Provided material:

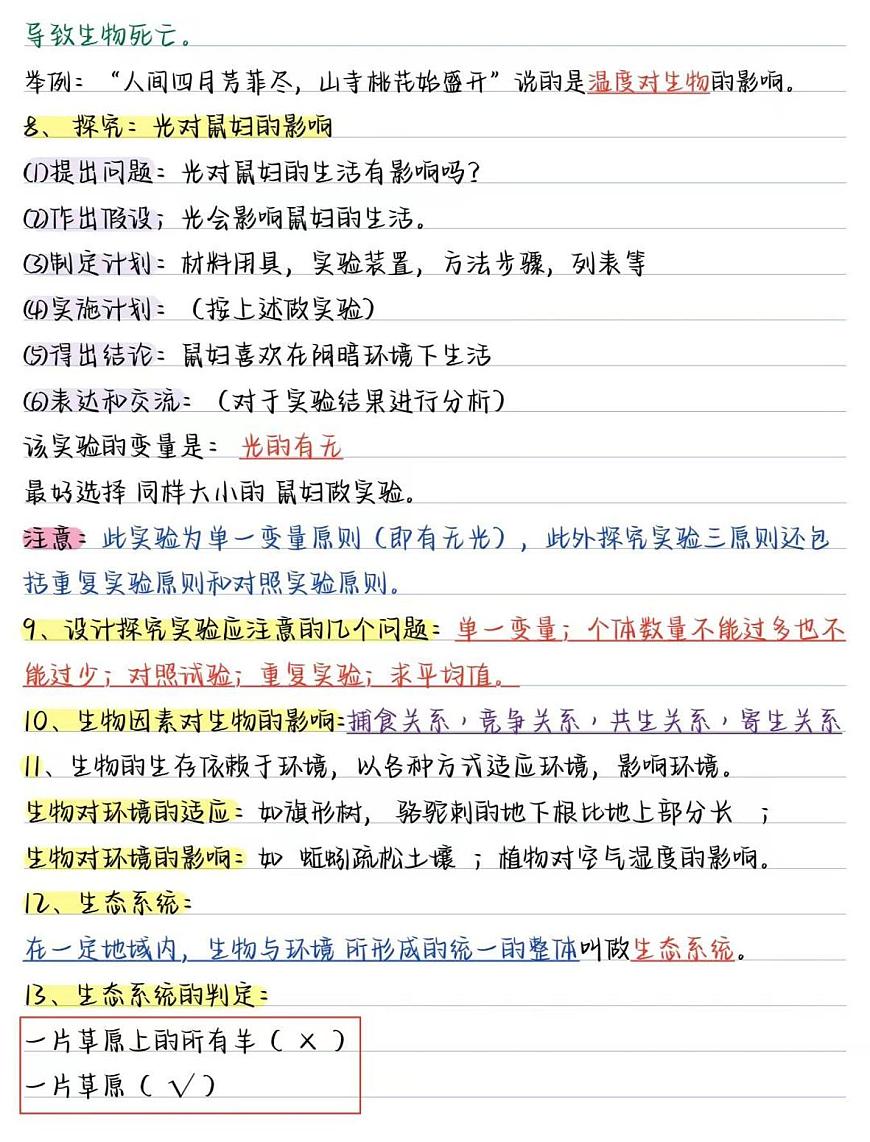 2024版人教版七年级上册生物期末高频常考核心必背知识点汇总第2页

--

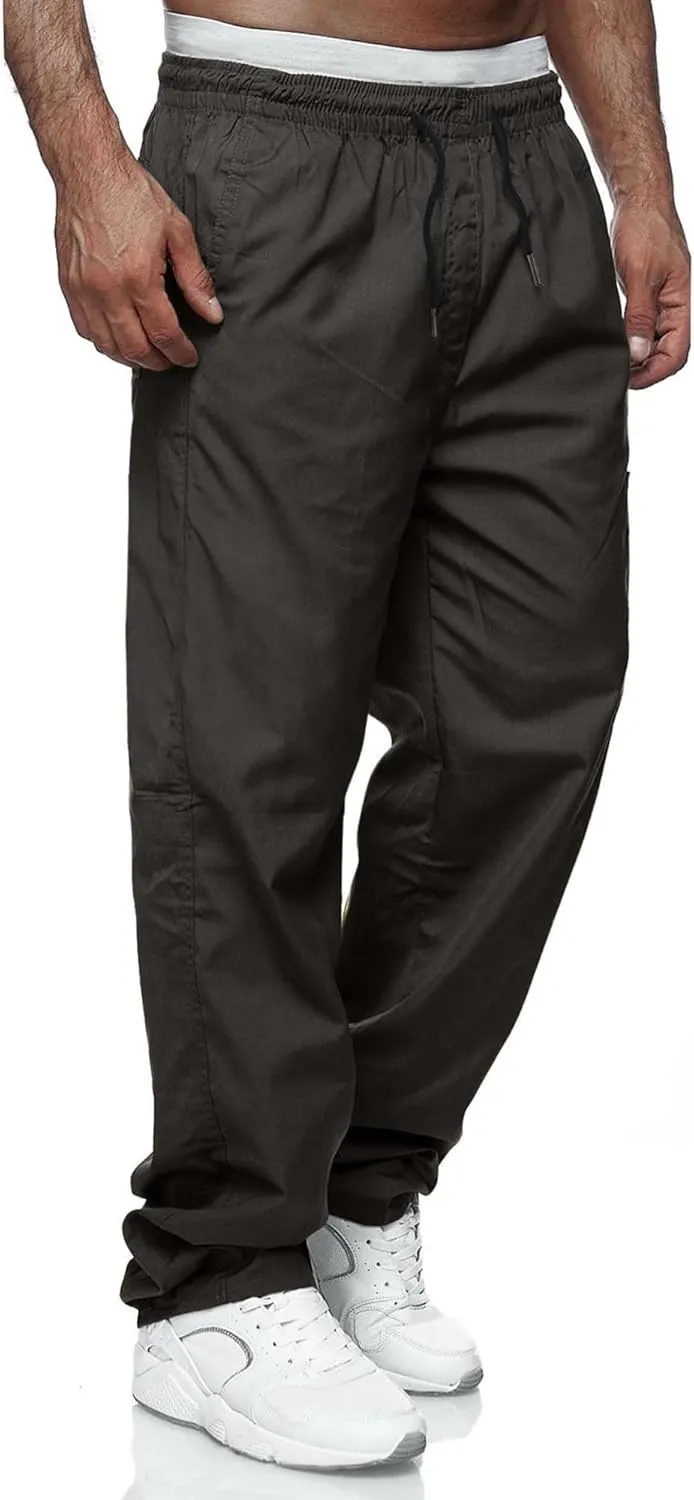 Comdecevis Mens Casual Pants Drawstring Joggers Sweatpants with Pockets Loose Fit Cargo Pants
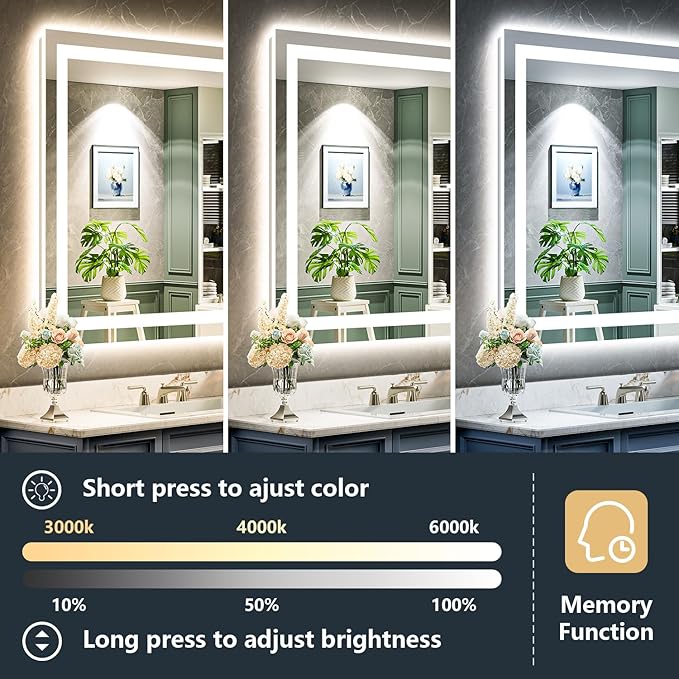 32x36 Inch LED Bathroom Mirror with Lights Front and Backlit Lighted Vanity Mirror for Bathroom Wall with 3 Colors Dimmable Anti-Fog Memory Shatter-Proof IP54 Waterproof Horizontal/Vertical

--

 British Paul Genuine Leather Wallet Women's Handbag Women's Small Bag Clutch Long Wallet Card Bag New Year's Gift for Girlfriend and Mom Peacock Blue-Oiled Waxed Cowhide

Goal of the exercise:
In the records above, find the line containing "Comdecevis Mens Casual" and the line containing "32x36 Inch LED", then give both of them again word for word along with every line between. Omit any pictures.

Exercise output:
 Comdecevis Mens Casual Pants Drawstring Joggers Sweatpants with Pockets Loose Fit Cargo Pants
 32x36 Inch LED Bathroom Mirror with Lights Front and Backlit Lighted Vanity Mirror for Bathroom Wall with 3 Colors Dimmable Anti-Fog Memory Shatter-Proof IP54 Waterproof Horizontal/Vertical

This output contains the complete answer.